Collapsing Flat ${\rm{SU}}(2)$-Bundles to Spherical 3-Manifolds

TL;DR

This paper introduces a geometric process where spherical 3-manifolds emerge as limits of superspaces associated with flat SU(2)-bundles over hyperbolic surfaces, linking topology, geometry, and moduli space optimization.

Contribution

It demonstrates that any homogeneous spherical 3-manifold can be realized as a boundary point in the Gromov-Hausdorff closure of a superspace linked to flat SU(2)-bundles over hyperbolic surfaces, connecting geometric limits with systolic invariants.

Findings

Spherical 3-manifolds appear as boundary points in superspace closures.

Convergence depends on the fundamental group order and hyperbolic surface invariants.

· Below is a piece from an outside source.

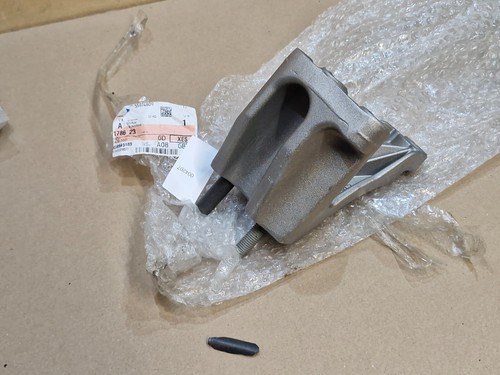 Ford EcoSport Mk2 2013-2024 Exhaust Hanger Bracket C1B17M125AB Genuine NEW OEM - Picture 15 of 15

Arithmetic surfaces provide optimal error estimates in convergence bounds.

Abstract

We present a geometric mechanism for the emergence of spherical $3$-manifolds from the superspace of Riemannian metrics associated with flat ${\rm{SU}}(2)$-bundles over closed orientable hyperbolic surfaces. Our main result shows that any homogeneous spherical 3-manifold $(S,g_{S})$ can be realized as a boundary point in the Gromov-Hausdorff closure of a superspace $\mathcal{S}(P)$, where $P$ is a flat ${\rm{SU}}(2)$-bundle over a closed orientable hyperbolic surface $(\Sigma,h_{\Sigma})$. We show that the convergence of the sequence of metric spaces towards the spherical limit is controlled by the order of the fundamental group of $S$ and the metric invariant of the hyperbolic base provided by the ratio between its area and its systole. In this framework, the problem of obtaining the sharpest upper bound error reduces to the classical problem of maximizing the systole function over the moduli space of hyperbolic Riemann surfaces. As a byproduct, we observe that certain arithmetic surfaces provide the best possible error estimates within this family. To illustrate these results, we show that, according to our mechanism, the Bolza surface yields the optimal error bound for the convergence toward the Poincar\'e homology sphere.